* **Work to be completed**
Give back the data below word for word. Any image in it should be left out.

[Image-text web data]
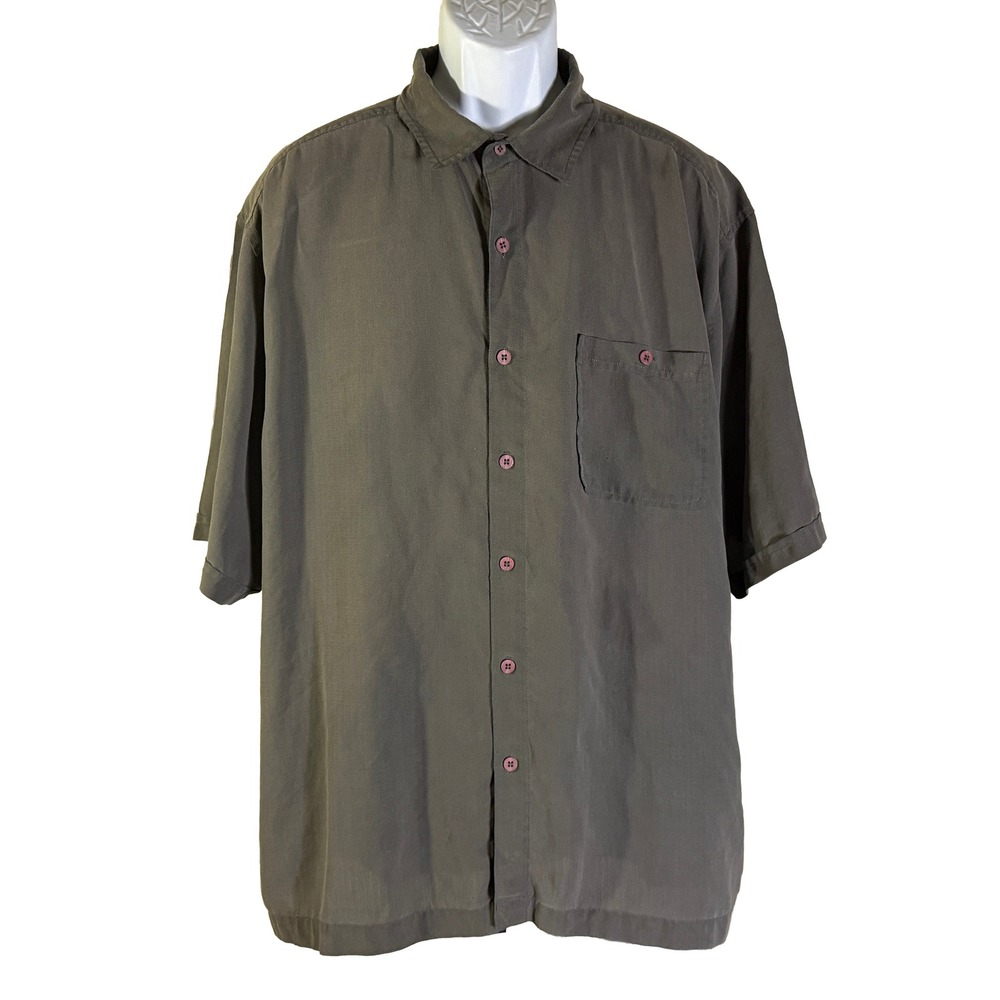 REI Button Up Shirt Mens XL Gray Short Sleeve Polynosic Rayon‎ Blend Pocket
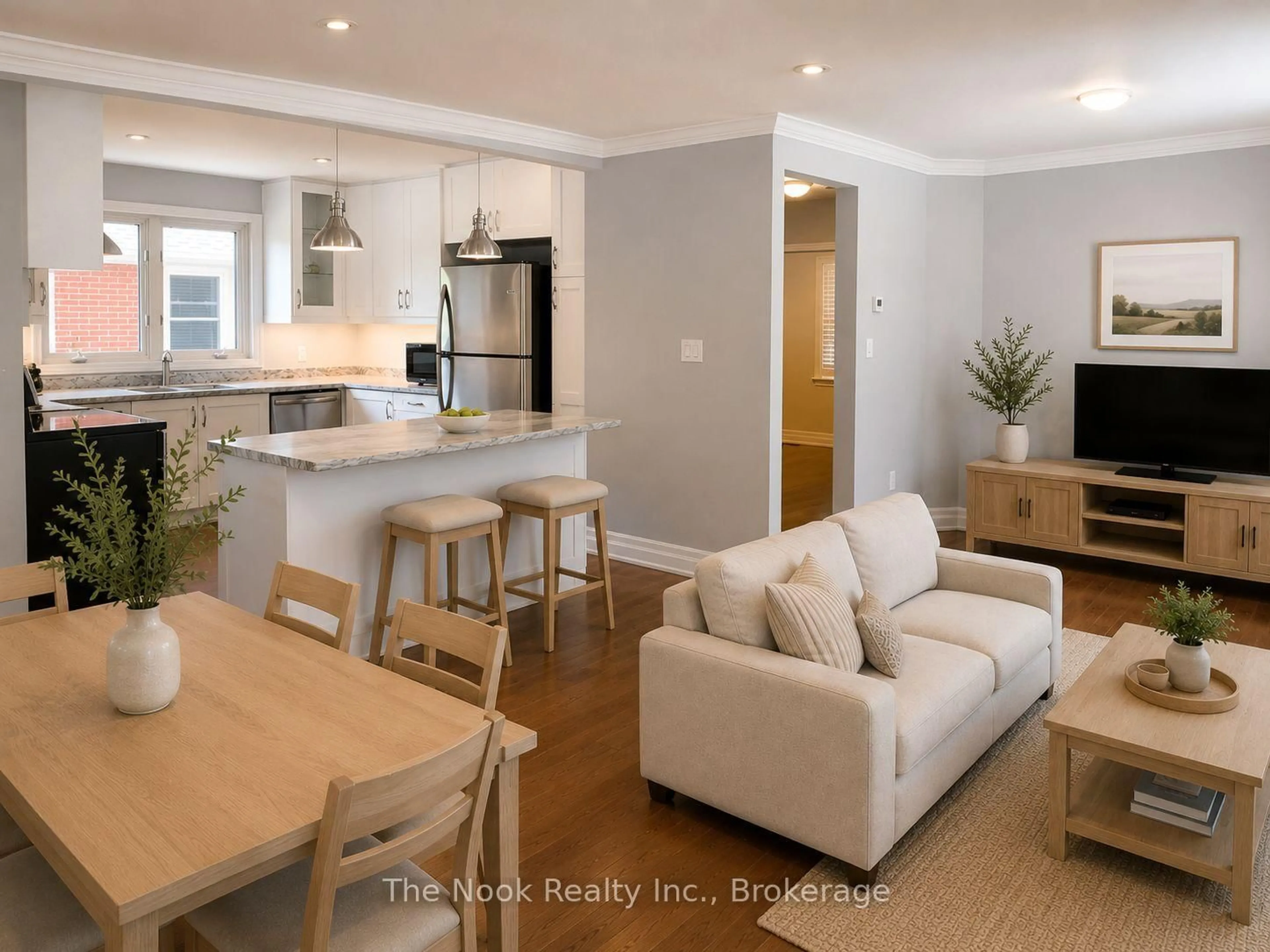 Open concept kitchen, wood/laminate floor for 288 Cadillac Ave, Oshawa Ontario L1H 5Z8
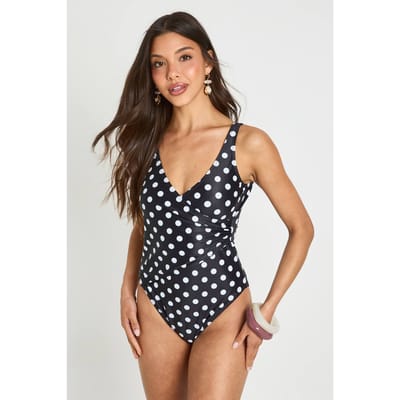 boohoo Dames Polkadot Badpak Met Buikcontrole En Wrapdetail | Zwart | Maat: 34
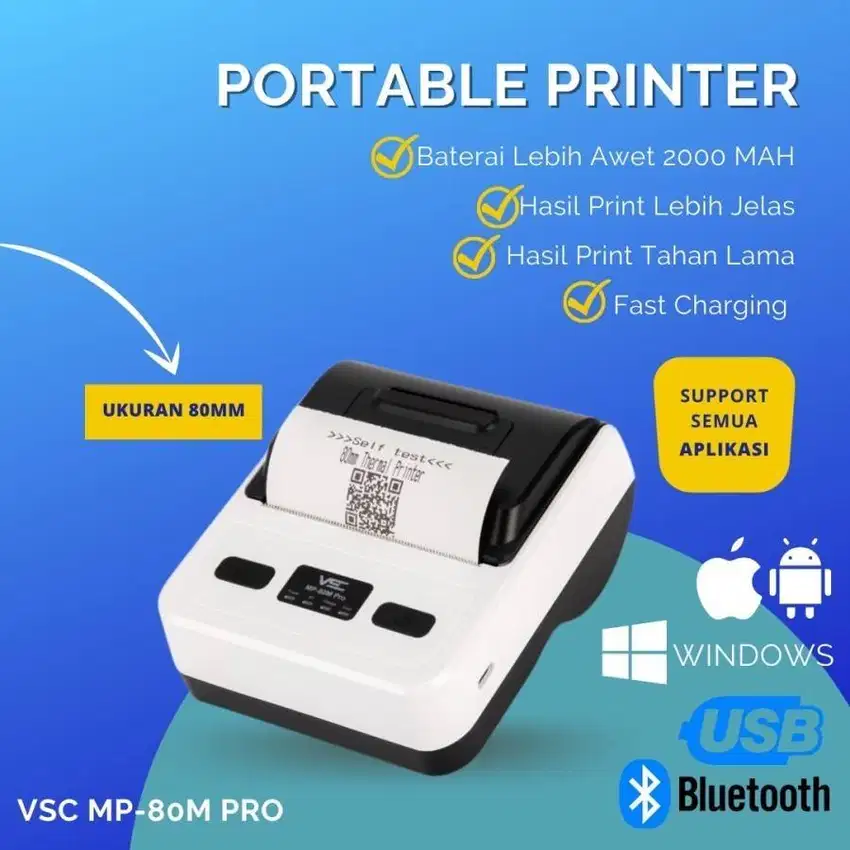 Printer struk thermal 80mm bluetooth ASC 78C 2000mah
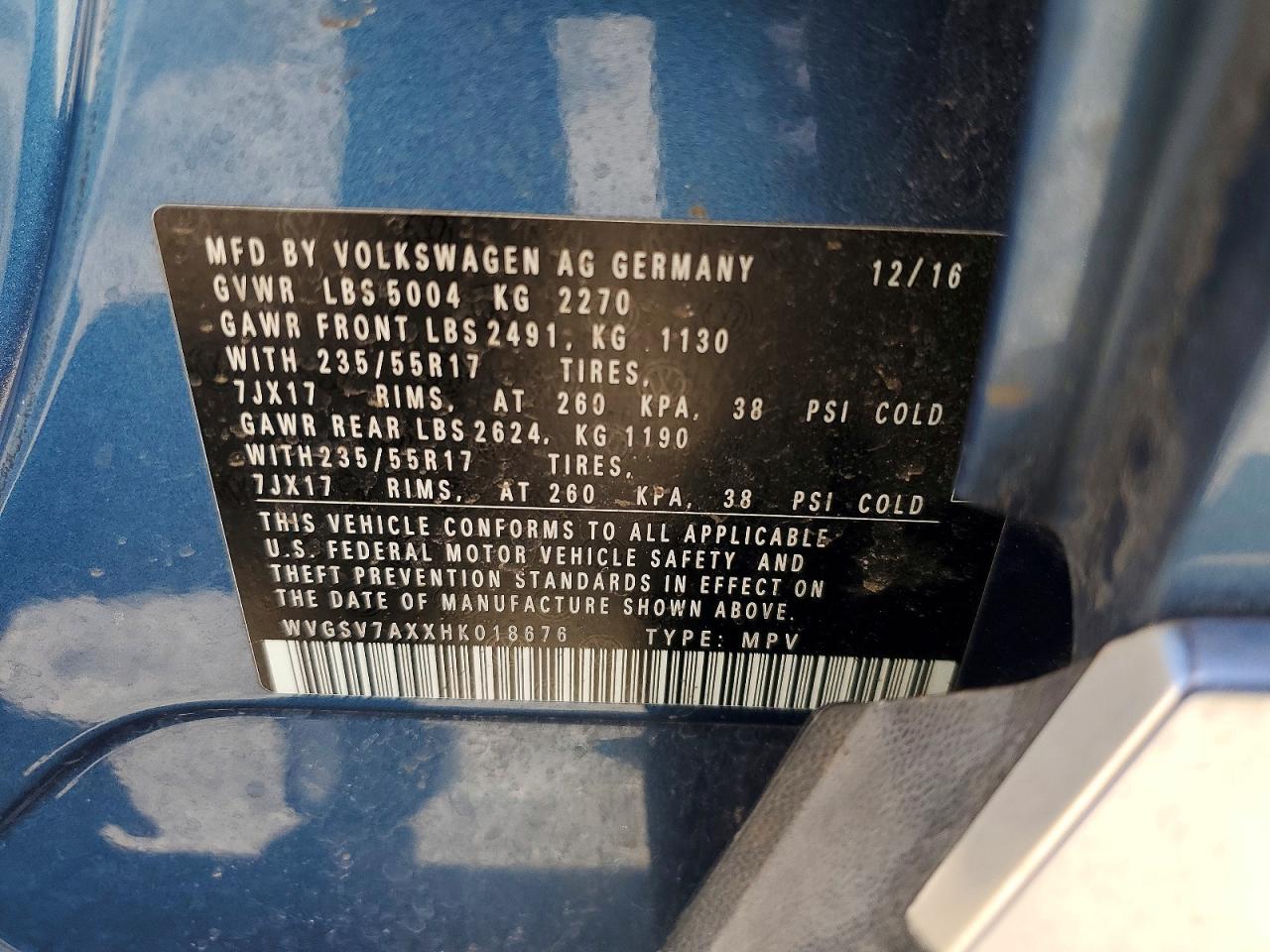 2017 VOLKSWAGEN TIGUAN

* **Answer for this exercise**
 REI Button Up Shirt Mens XL Gray Short Sleeve Polynosic Rayon‎ Blend Pocket
 Open concept kitchen, wood/laminate floor for 288 Cadillac Ave, Oshawa Ontario L1H 5Z8
 boohoo Dames Polkadot Badpak Met Buikcontrole En Wrapdetail | Zwart | Maat: 34
 Printer struk thermal 80mm bluetooth ASC 78C 2000mah
 2017 VOLKSWAGEN TIGUAN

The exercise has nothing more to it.